And the proof it right here, there's close to none of being improvised scenes in this movie. Maybe sex with Hannah, petty talks and dealings with Mrs Booth. We know next to none about her actually, so no wonder. Though I'm not sure about Mrs Somerville, if the optical experimenting scene really took place in Turner's house. It doesn't mean it wasn't. Mrs Somerville was a real woman, an amateur scientist who got well known by popularisation scientific achievements.
Nearly all the scenes are real. They aren't fictional or improvised, rather a bit shifted, nuanced, altered - it's movie after all! In other words, staged. For ex., the red buoy. In real life, it was like we saw, only the final touch which transformed the stroke of Turner's brush into red buoy took place after a couple of days, not so soon as in the movie. But Leigh was right, the scene staged brilliantly. And the Constable's words were real, too.
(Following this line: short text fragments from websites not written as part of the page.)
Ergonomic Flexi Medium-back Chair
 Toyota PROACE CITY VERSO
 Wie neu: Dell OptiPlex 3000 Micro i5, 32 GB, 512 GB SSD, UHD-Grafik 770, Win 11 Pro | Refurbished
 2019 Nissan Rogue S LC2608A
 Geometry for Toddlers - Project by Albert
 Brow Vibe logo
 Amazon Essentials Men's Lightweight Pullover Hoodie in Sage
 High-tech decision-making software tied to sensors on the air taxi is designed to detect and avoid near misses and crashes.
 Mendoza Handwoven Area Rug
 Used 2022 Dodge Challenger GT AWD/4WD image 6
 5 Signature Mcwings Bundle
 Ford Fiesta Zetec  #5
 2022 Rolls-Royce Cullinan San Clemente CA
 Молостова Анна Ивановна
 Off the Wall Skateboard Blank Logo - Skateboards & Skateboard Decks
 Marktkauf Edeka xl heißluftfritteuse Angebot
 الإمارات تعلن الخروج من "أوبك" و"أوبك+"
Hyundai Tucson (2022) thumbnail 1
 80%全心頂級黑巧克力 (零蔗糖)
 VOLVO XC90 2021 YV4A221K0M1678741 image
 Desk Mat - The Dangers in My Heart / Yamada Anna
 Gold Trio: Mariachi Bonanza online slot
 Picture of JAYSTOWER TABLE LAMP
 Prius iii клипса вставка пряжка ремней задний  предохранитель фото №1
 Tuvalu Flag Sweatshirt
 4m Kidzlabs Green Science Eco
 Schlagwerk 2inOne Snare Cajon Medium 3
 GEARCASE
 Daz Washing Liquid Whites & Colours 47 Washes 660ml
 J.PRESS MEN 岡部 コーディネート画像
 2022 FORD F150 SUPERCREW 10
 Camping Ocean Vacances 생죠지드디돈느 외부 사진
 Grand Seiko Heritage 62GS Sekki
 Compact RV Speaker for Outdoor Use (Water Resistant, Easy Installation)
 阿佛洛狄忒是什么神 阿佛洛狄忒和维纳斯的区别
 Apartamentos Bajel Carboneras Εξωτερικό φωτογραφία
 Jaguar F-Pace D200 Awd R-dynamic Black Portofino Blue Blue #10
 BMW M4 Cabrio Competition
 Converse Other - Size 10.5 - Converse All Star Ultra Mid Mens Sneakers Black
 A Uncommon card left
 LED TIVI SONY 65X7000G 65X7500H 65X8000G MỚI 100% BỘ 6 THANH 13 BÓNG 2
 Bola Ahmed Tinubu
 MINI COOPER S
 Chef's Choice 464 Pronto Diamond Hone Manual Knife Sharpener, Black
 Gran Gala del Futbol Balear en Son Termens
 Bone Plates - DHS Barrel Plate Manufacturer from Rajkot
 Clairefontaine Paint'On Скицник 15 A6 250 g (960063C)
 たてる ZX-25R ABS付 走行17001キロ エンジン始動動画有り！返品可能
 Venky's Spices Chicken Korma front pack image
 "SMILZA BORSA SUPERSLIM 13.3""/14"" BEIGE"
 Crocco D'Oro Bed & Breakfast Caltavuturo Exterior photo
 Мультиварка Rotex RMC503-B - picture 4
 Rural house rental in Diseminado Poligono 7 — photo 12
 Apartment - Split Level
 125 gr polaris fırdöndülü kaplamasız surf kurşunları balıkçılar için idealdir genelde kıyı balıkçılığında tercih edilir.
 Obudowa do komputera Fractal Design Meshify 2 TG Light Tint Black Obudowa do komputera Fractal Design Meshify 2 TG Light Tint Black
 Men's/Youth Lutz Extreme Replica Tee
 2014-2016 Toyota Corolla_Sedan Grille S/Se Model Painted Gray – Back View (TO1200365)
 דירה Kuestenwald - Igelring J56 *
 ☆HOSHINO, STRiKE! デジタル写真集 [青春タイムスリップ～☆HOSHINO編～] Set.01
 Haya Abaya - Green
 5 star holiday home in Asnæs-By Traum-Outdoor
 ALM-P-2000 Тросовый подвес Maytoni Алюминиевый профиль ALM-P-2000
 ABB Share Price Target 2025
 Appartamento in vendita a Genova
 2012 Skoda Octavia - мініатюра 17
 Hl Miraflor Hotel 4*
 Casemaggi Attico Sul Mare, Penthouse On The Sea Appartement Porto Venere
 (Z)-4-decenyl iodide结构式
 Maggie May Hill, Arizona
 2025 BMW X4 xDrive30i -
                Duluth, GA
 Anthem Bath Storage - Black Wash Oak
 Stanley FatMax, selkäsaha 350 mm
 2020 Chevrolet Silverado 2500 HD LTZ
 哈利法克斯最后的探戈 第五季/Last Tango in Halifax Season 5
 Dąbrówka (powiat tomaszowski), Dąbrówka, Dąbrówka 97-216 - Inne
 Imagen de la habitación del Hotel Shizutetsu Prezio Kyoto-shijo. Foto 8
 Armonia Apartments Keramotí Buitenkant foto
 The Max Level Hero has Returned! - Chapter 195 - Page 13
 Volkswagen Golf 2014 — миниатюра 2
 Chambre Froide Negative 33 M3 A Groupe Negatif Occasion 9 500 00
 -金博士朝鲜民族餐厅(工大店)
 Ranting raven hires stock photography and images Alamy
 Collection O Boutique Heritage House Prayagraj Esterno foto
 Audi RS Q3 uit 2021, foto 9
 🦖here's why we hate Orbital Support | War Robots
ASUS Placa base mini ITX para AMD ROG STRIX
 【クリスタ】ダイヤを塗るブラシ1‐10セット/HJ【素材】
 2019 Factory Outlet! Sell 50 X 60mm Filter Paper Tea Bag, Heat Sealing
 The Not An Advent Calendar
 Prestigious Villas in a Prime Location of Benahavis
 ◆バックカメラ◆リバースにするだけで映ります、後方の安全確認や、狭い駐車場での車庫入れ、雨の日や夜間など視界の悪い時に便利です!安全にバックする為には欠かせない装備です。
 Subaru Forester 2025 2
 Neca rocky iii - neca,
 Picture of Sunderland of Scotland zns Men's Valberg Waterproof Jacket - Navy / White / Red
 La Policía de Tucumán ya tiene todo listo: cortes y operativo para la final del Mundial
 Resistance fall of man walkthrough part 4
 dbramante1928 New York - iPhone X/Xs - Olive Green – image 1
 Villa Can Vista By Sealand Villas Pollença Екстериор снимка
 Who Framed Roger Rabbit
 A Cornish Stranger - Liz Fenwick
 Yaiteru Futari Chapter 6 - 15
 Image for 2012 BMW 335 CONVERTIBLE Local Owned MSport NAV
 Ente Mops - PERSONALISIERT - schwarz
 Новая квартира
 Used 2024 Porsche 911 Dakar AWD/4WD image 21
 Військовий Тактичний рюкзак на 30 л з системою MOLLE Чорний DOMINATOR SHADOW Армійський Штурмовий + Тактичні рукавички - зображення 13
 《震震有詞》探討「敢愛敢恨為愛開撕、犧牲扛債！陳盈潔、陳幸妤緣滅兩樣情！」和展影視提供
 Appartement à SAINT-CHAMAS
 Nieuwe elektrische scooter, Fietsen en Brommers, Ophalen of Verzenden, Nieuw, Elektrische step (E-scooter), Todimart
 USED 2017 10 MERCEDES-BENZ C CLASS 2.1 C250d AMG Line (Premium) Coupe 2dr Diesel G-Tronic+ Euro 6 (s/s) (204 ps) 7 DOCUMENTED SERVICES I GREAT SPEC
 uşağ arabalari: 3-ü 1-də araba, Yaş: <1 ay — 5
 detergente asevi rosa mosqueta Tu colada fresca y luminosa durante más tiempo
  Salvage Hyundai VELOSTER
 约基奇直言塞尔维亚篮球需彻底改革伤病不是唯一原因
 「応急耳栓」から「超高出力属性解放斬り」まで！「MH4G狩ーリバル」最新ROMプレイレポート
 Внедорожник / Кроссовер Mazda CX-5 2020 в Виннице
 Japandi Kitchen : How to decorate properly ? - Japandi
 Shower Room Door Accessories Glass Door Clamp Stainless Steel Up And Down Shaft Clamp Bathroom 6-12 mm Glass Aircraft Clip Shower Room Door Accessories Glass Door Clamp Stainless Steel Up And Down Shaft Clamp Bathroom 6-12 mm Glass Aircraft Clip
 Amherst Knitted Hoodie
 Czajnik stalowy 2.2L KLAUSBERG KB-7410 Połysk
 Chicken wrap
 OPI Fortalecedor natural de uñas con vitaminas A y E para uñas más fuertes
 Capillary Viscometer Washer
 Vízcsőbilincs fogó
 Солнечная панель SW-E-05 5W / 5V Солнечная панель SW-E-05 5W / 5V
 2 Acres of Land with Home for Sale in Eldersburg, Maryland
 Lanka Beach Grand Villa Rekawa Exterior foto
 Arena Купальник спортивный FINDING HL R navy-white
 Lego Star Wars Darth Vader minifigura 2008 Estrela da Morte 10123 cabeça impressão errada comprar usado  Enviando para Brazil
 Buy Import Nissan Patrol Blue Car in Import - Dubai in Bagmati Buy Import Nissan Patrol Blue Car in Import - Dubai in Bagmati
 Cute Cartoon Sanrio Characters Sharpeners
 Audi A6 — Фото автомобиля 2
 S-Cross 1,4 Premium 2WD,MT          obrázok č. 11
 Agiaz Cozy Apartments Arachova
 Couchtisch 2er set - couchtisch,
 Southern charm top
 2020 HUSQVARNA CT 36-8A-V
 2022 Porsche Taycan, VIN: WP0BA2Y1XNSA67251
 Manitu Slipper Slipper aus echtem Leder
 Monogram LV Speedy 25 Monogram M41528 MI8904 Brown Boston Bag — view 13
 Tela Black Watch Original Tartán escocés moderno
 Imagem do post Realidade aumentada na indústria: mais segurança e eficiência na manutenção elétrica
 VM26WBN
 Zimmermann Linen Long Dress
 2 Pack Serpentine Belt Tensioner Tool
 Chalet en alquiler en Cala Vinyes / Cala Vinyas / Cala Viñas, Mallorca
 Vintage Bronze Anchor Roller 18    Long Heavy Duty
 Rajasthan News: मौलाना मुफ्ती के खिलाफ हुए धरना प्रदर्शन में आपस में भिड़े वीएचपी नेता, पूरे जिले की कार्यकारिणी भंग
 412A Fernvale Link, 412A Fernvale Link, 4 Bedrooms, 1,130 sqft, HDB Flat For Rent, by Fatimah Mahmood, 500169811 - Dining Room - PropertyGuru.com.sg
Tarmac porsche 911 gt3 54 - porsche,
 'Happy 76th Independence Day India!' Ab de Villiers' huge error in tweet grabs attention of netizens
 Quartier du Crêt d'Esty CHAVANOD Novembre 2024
That was with many others scenes: surely Turner was interested in new technics and inventions, he saved that photo master from troubles when he was forced to pay 300 p. fine (he was risky, working with no license). The words he was saying – often his real words.
It is a most subtle film, but blind eyes won't see it.
Just think about the presence of photography in the film, and the reflexion Leigh makes about it. The film encompasses so many such things, and feels so flawlessly natural that some incinsere people will inevitably call it boring.
It's probably the biopic which relies the less on the character it is portraying, but at the same time Turner and Turner's life are very worthy of being shown on film, as they summon so many questions about our perception of what an artist should be, but even more so about the artist's relationship with the outside world, and the film, as well as being a reflexion on life, death and love in many regards also presents, in a very understated but efficient manner the artistic context of that time by showing us the academies, the birth of photography, but also by foreshadowing the coming of the impressionists (who were very inspired by Turner) by showing us the opposition of Turner painting in his studios vs Turner seeking inspiration in the outdoors. This is how thought-out the film is. And there's much more.
By the way, out of pure curiosity, why did you give Petra von Kant a 1?
Oh dear, if you hate the British so much why bother to watch such a British film? Maybe it would have pleased you better if brad Pitt had taken the leading role? And I guess in those days people's teeth were in a pretty bad state. Things are better nowadays, it's just that many Brits don't go in for populating their mouths with enormous, dazzling, artificial looking tombstones that Americans tend to find so popular . . .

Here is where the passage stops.